In mid-July, my husband and a friend found a one-pound, lone kitten. When we were certain “mom” wasn’t returning, I called the Darlington County Humane Society for guidance.
I would attempt to foster this kitten until she was old enough to be adopted, but I was clueless. Jackie Kirven patiently listened and gave me simple step-by-step instructions, followed by an invitation to come by the shelter to pick up a few essentials: a kitty bottle, some formula and a very informative pamphlet.
When I arrived at the shelter, I discovered a bustling yet orderly whole new world. What that shelter does for our community behind the scenes is nothing short of incredible, and I don’t know the half of it.
As we have fostered “Kennedy,” I have called and returned to the shelter a handful of times for questions or concerns and vet appointments. Each visit has expanded my view of both the enormity of the task they have at hand and the grace and poise with which they carry it all out.
Every time I have gone to the shelter, what strikes me profoundly is the number of volunteers enlisted to help meet the needs.
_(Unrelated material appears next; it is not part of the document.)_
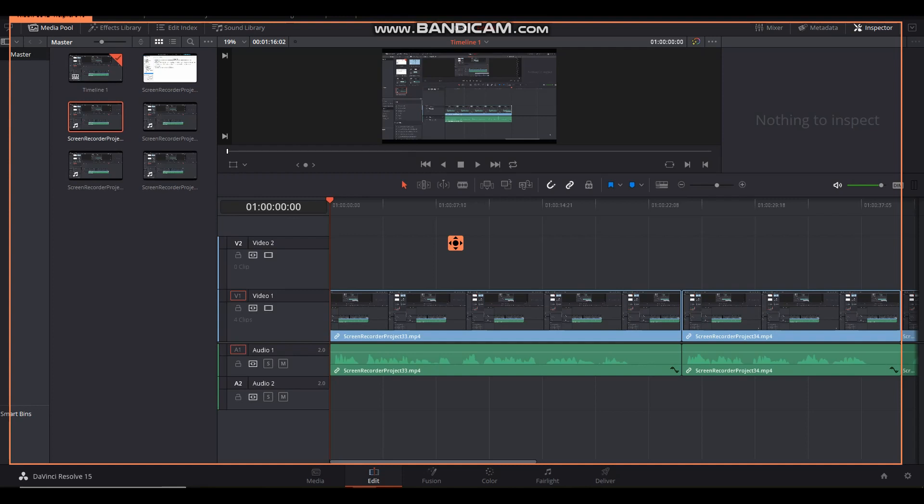So this isn't going to be one of my normal videos here on Ham Homestead of mining or ham related stuff or homesteading stuff. This is a video to help people that are using Resolve and running into problems with doing screen recordings and trying to share it using DaVinci Resolve.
I asked Jackie, the director of the shelter, about all of the volunteers. She made it abundantly clear, they simply could NOT do all they do without the volunteers.
My heart was deeply touched, and it brings tears to my eyes as I type about one of my experiences yesterday. There were dozens of dogs being walked on leashes by dozens of volunteers, some of whom I learned were students and their teachers from the Governor’s School in Hartsville. This was on a Saturday! What a sight to behold, along with the even deeper meaning.
The treatment and care of the animals they shelter is only a piece of the picture. I have personally witnessed some of the real-time “opportunities” they have to manage on a moment’s notice: a lady at the gate with two strays in her car; Animal Control arrivals; phone calls from concerned citizens about this, that or the other; a call from the county coroner about a pet whose owner has passed away but family lives out of state and will get there as soon as possible.
All of this (and I KNOW there is so much more) to say three cheers to all of the people at the Darlington County Humane Society! They are heroes of a different breed, yet just as necessary and valuable to a community as the frontline workers we’ve heard so much about over the past 18 months! Thank you for all you do!